MATERIAL TO PROCESS START

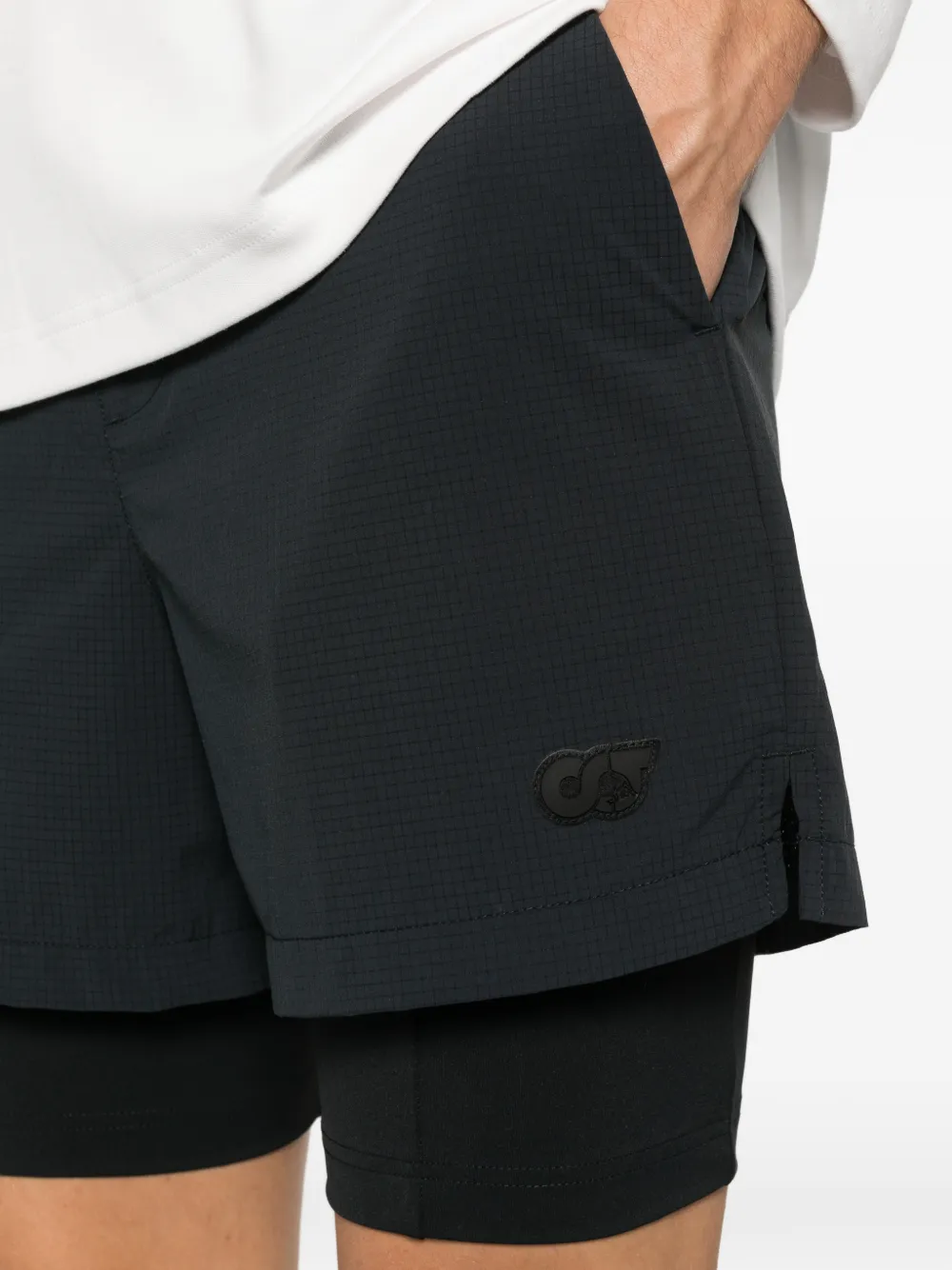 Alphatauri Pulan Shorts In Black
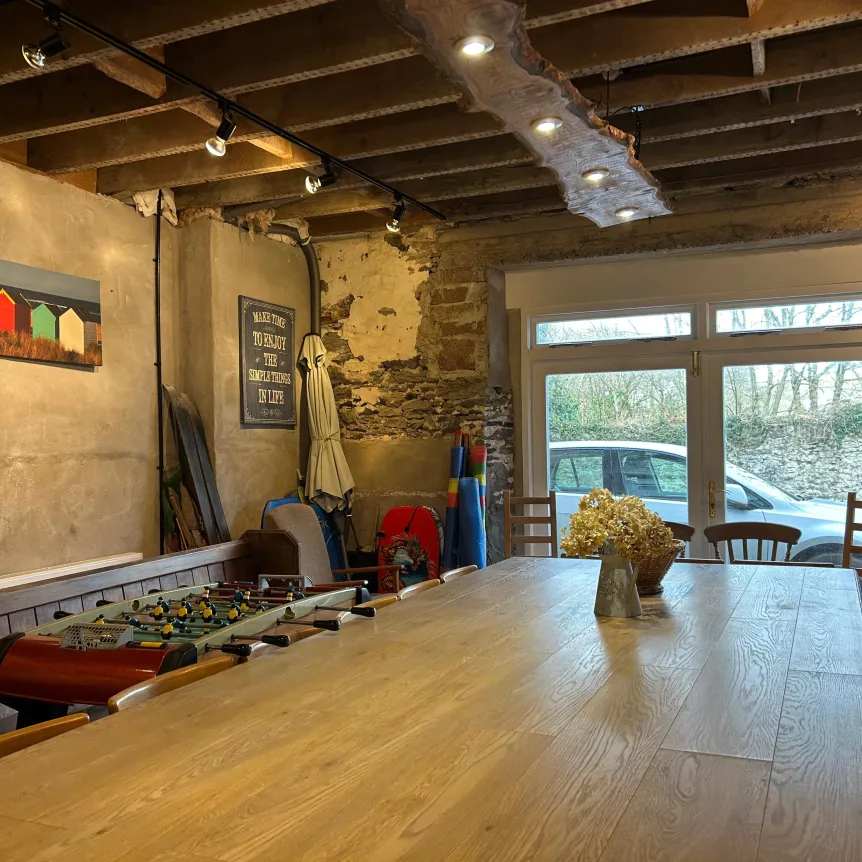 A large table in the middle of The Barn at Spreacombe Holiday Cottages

MATERIAL TO PROCESS END
MATERIAL TO PROCESS START

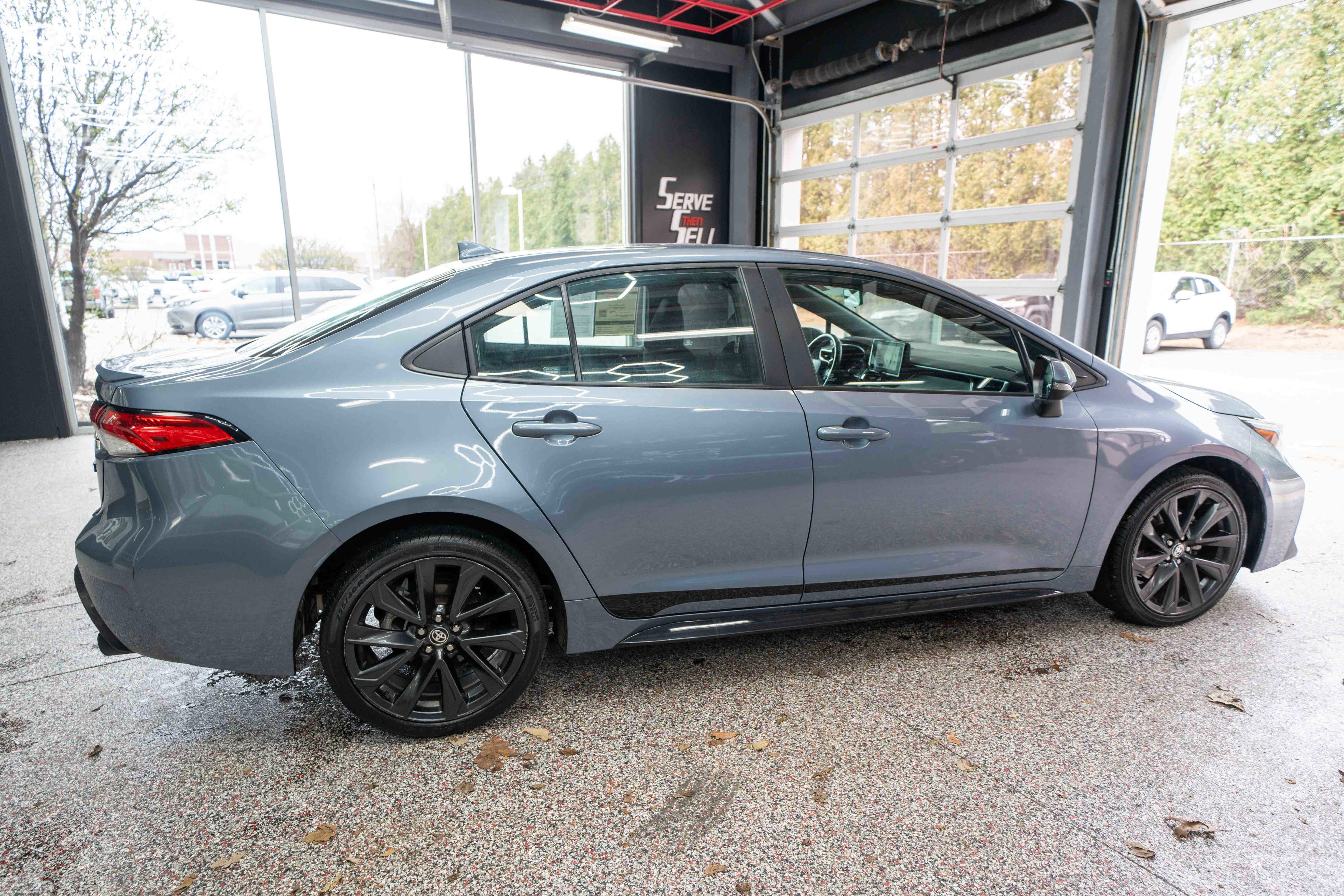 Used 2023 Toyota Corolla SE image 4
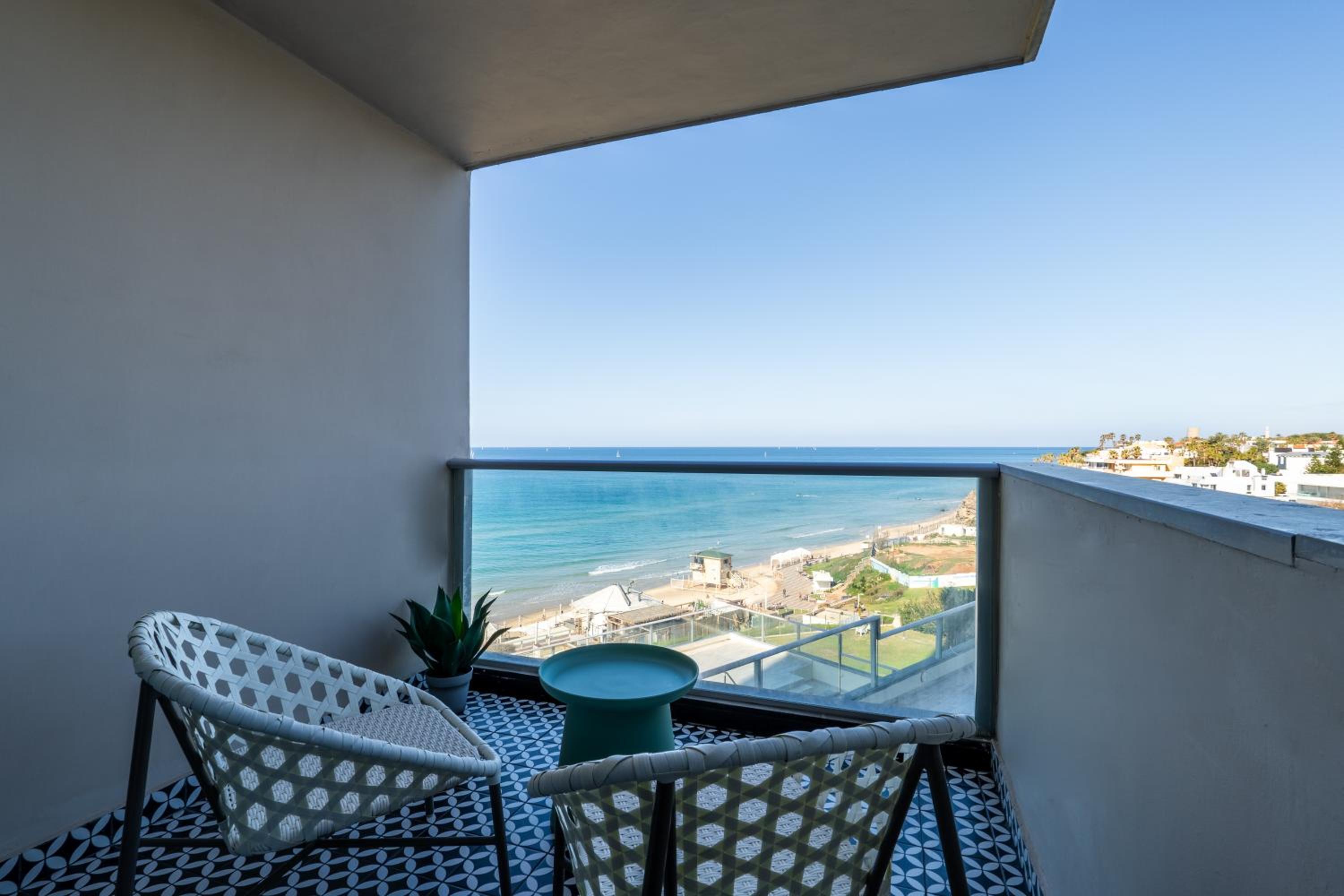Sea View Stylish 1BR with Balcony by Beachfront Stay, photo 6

MATERIAL TO PROCESS END

-- TASK DETAILS --
Among the entries above, take the line with "Used 2023 Toyota Corolla SE image 4", the line with "Sea View Stylish", and all the lines between them, and restate them word for word without pictures.

-- SOLUTION --
 Used 2023 Toyota Corolla SE image 4
Sea View Stylish 1BR with Balcony by Beachfront Stay, photo 6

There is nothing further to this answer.